Fraser Papers retirees seek legal justice over corporate pension theft
Fraser Papers retirees from Quebec and New Brunswick, who had their pensions cut by up to 40% when their employer filed for bankruptcy protection, will be at the Superior Court of Justice inToronto on Friday when their former bosses challenge their case.
Directors of Brookfield Asset Management (Fraser’s parent company) are challenging a law suit by the Communications, Energy and Paperworkers Union of Canada that says the directors of the former Fraser Papers were grossly negligent in their investment decisions.
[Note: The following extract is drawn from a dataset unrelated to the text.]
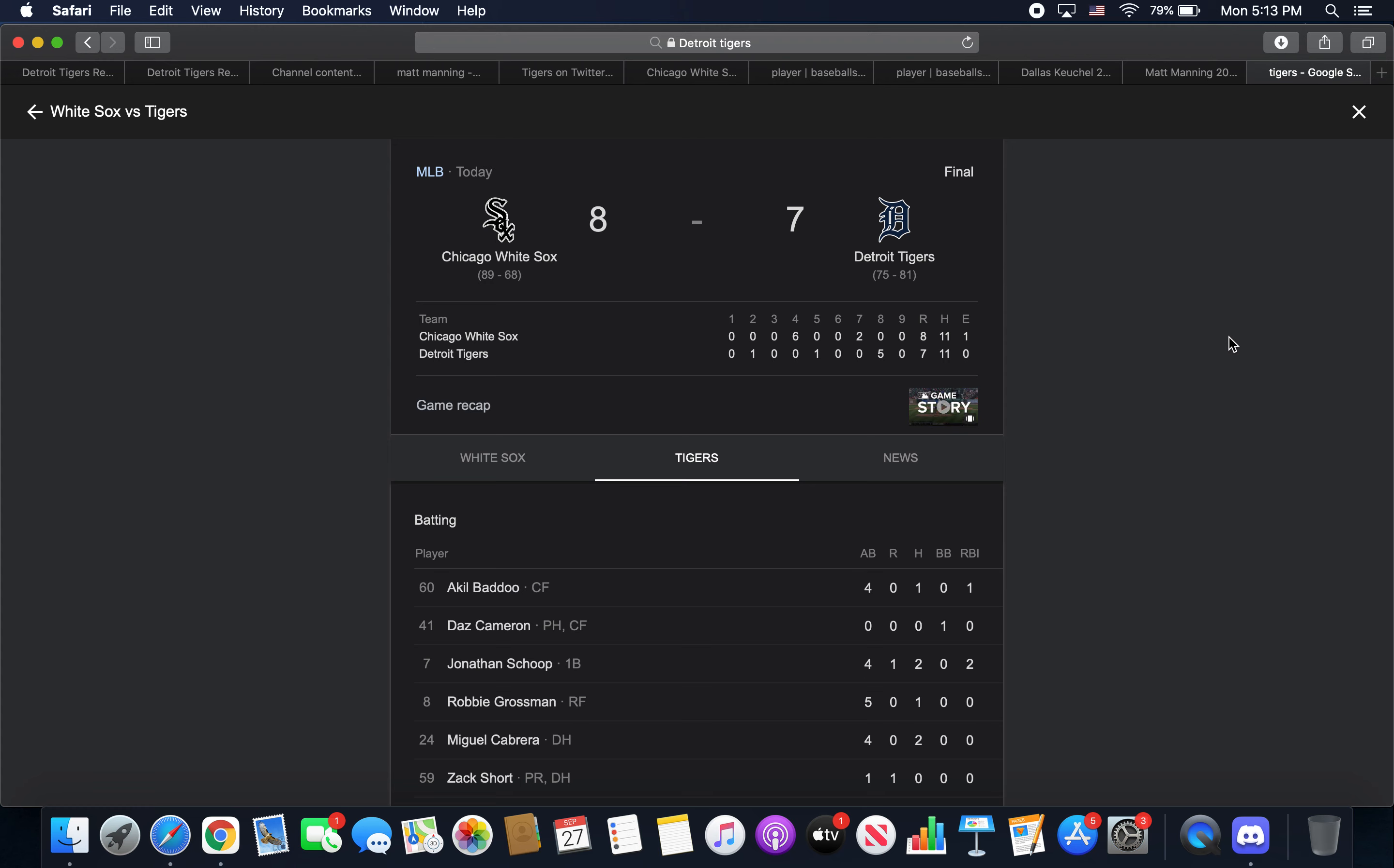Tigers lost today 8-7 to the Chicago White Sox. That was the third game of our three-game set against them. So we still take the series win, winning two out of three.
Fraser Papers was 70% owned by Brookfield Asset Management and operated pulp and paper mills at Thurso, Québec, and Edmundston, New Brunswick before the company was restructured under the Companies’ Creditors Arrangements Act (CCAA) in 2010.
“Brookfield Asset Management has repeatedly refused to pay these retirees what they are owed,” says CEPPresident Dave Coles, who will also be at the hearing. “The company took advantage of CCAA laws to take away their hard earned pensions,” he says.
Clyde Winchester, president of the Edmundston retirees association formed to fight back against what he calls “corporate pension theft” says “companies should not be allowed to play with corporate laws and take advantage of the most vulnerable.”
The Victims of Brookfield Association brings together some 800 retirees each from former Fraser operations in Edmundston and Thurso, Que., who have lost between 30% and 40% of their pensions as a result of moves made under the Companies’ Creditors Arrangement Act.